Depending on the industry, employment agreement, time, and day of overtime work, overtime pay rates vary. Overtime must not be forced upon employees by employers.

Furthermore, the law provides for rest and meal breaks throughout a shift to ensure employees have sufficient time to rest and recharge. Australia's overtime laws aim to provide all employees with fair and safe working conditions.

Vacation Policy in Australia

In Australia, workers are entitled to 4 weeks of paid leave per year. Shift workers have 5 weeks per year. These hours accrue throughout the year, and any unused hours are added to the next year’s vacation time.

The total hours of leave granted are directly proportional to the employee's regular work schedule, now potentially including the 4 day work week. For example, someone who normally works 30 hours per week would receive 120 hours of annual leave per year.

In addition to their annual leave, employees in Australia enjoy paid public holidays. The exact number of holidays varies by territory, as some are region-specific.

If a holiday falls on a day when an employee is already on leave, that day isn’t subtracted from their annual vacation days if it’s a day they would have worked.

Part Time Working in Australia

Part time employees make up a significant portion of Australia’s workforce. Over the past 40 years, the rate of part time employment has steadily increased, from 15.7% of total employment in 1980 to 31.7% of total employment in 2020.
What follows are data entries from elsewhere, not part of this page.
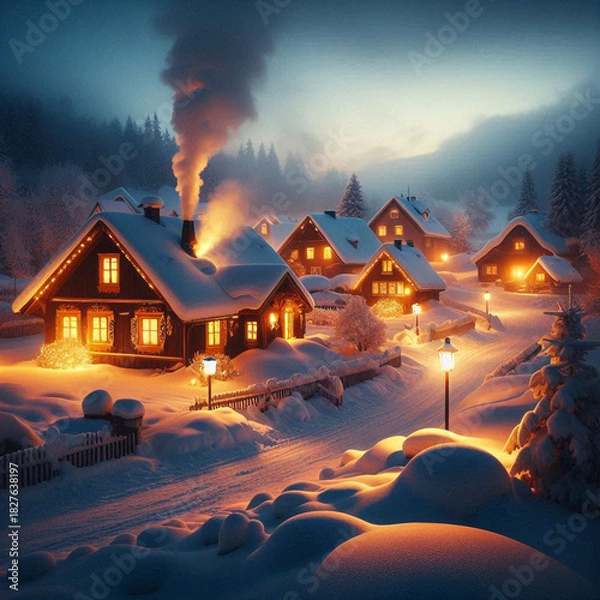 Obraz sunset in the mountains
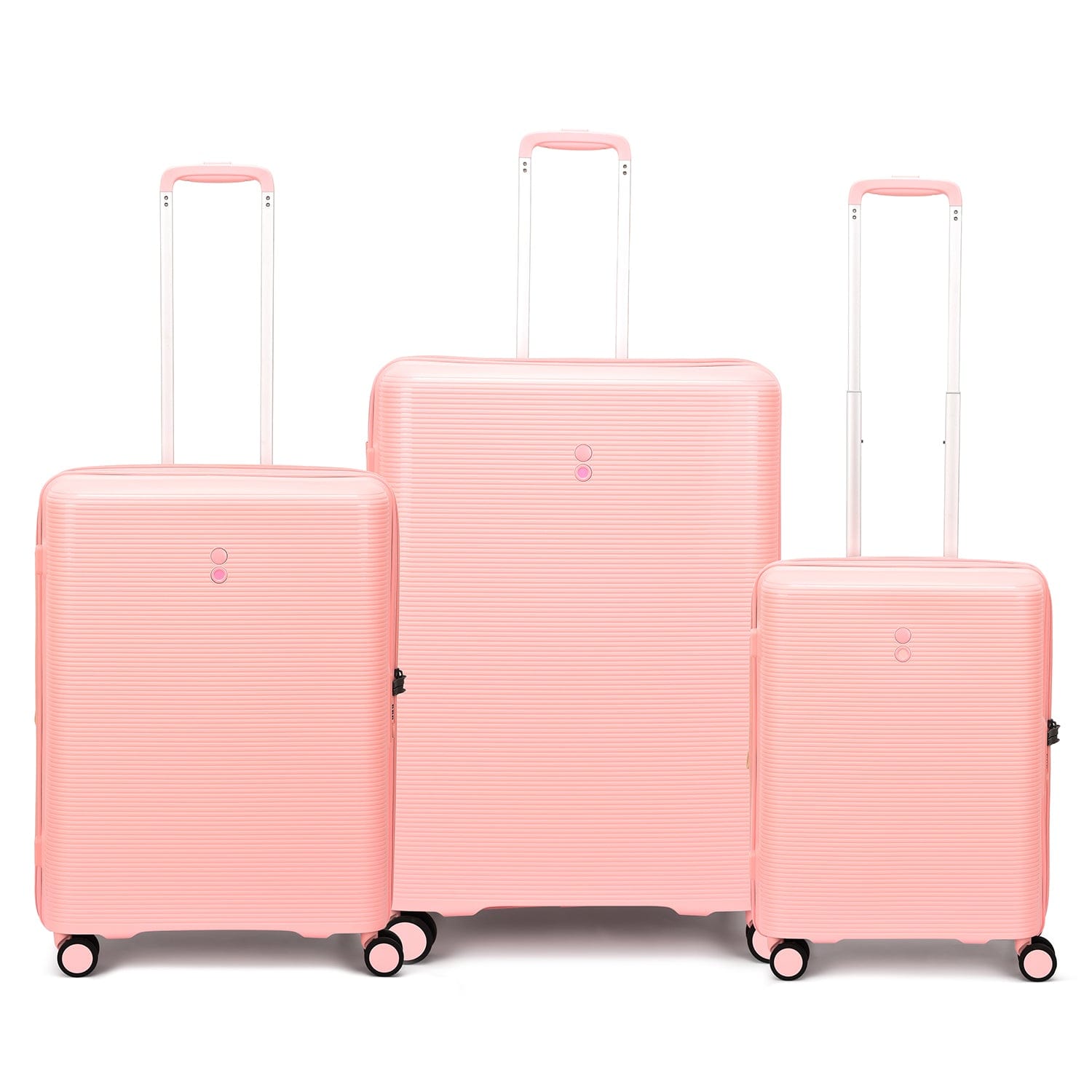 Echolac Forza 55+65+75cm Hardcase 4 Double Wheel Expandable Cabin & Check-In Luggage Trolley Set Passion Pink
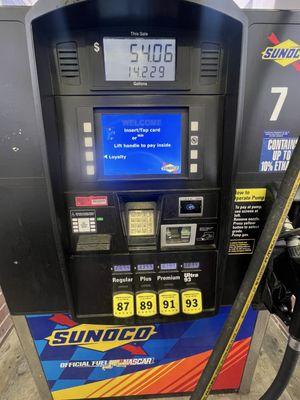 I use the Waze App to locate the lowest premium gas price. This Sunoco was identified as the cheapest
Part Time Working in Australia


Currently, there is a significantly higher portion of women working part time than men. As of February 2022, women comprised 68.5% of all part time workers in Australia.

Remote Working in Australia

Before the Covid-19 pandemic, the rate of remote workers in Australia increased on average by one percent every two years. Data shows, however, that between 2019 and 2021, the percentage of remote workers jumped from 32.2% to 40.6%.

The number of remote workers varies by occupation. As of August 2021, two-thirds of professionals were working remotely, while only 25% of people across other occupations were doing so.